宋婉怔愣地看着他,夏末的天气,明明闷热难耐,她却觉得透心凉。
他在交待后事,他知道自己活不久,却还要伤这么多人性命。
他像是察觉她与沈行,还问她的意见……
他哪里是问询,她能说不愿么?
宋婉心里有些难过,又觉得悲哀,这种复杂的情绪交织,她一时间难以回答,只张了张嘴,说不出话来。
沈湛长叹,“婉儿,我舍不得你。可我没有转圜的余地了……”
他苍白瘦削的面容泛着一股不详的青灰色,阴恻恻地看着她,终是说出了一直思量的话,“若真有那一天,你扶持好我们的孩儿后,可愿来地下陪我?”
他不动声色,像是闲谈般,那手仍然轻轻在她手心画着圈,俊美的眉眼深情而忧郁。
宋婉沉默着扑进他怀里。
他像往常那样将她抱在腿上,“不愿意?”
“不愿意。”宋婉摇摇头,神色麻木,眼泪却落在他颈侧冷白的皮肤上,“我想直接与你同去,殉了你,好不好?”
“我们至死不分开。”
听到这话,沈湛的神采可称熠熠,仿佛不枉此生。
日暮时分,营地里的火把逐个亮起,有咸湿的风刮过,火苗燃得不旺,点烛人凑近了吹了吹,险些被燎了额发。
宋婉忽然问:“如果你必须要惩治一个人,还不能杀他,会怎么做?会把他抓起来严刑拷打吗?”
亮起的火光摇曳,带着些辉煌空旷的韵致,暖光漾在沈湛眉眼上,他垂眸看着她,幽凉阴郁,“何必喊打喊杀,严刑拷打,出冤狱么?言语之间即可刀刀见血。婉儿要对付谁?让我来帮你。”
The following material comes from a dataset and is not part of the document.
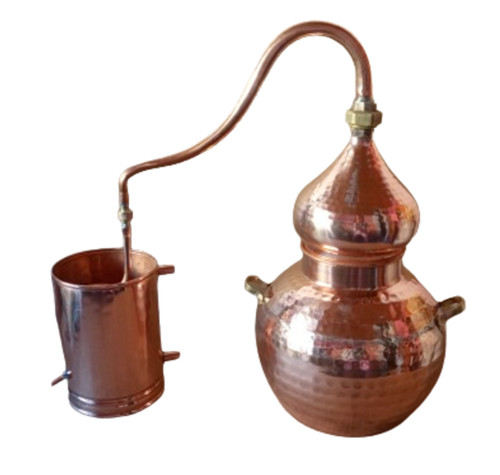 Alambique cobre todos los - cobre.,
说完,他才察觉这样算计的模样可能会让她不喜,孰料她正认真地看着他,恍然大悟般眉眼弯弯。
“我们去吃饭吧!”宋婉笑道。
虽然洪涝灾害还未完全消除,沈湛的吃穿用度却马虎不得,一顿晚饭吃得很是有排面。
沈湛胃痛的毛病,自从来了凤阳,就愈发严重,平日里都是白粥小菜,但在晚饭时分,沈湛还是陪宋婉用了比平日里多的饭量。
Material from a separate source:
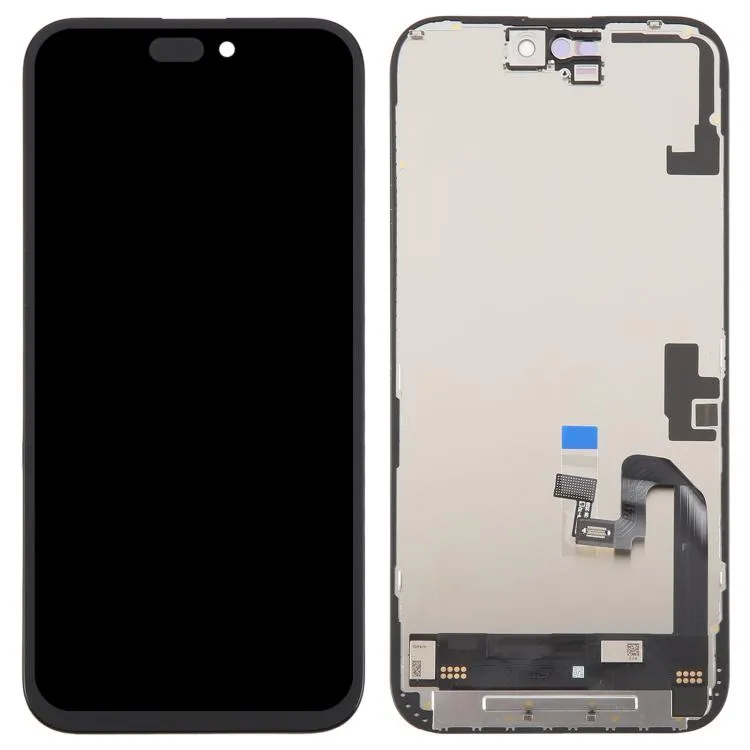 JK Hard OLED Screen For iPhone 16 Plus image 2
一旁的侍从看着饭桌上的琳琅满目,不由得多看了宋婉几眼。
世子妃如此受宠,连平日里见不得的荤腥都抬上了桌。要知道,这些日子世子闻了*油腥味儿都会大发雷霆。
最后一道酒法青虾上来,宋婉有些诧异,如今钱江溃堤,竟还有新鲜的水产上桌……
沈湛苍白的脸上一直挂着淡淡的笑意,抬了抬下巴,道:“这里的特色,本就想带你来吃。”
“婉儿能来寻我,我很高兴。”
他眼下的乌青更甚,因为瘦削嶙峋,穿在他身上的轻薄衣袍愈发显翩跹,举手投足之间颇有种仙风道骨的意味。
这样病弱又精致的人,却无人敢轻慢。
宋婉边吃边暗自感慨,为什么呢。
“在府里的日子可好?”沈湛闲谈似的随意问道。
“好啊,府里有县主和夏姑娘在,不那么冷清了。给小叔选妃可有意思了,还办了诗词雅集,来了好些贵女,许久没这么热闹,王爷很高兴。”宋婉道。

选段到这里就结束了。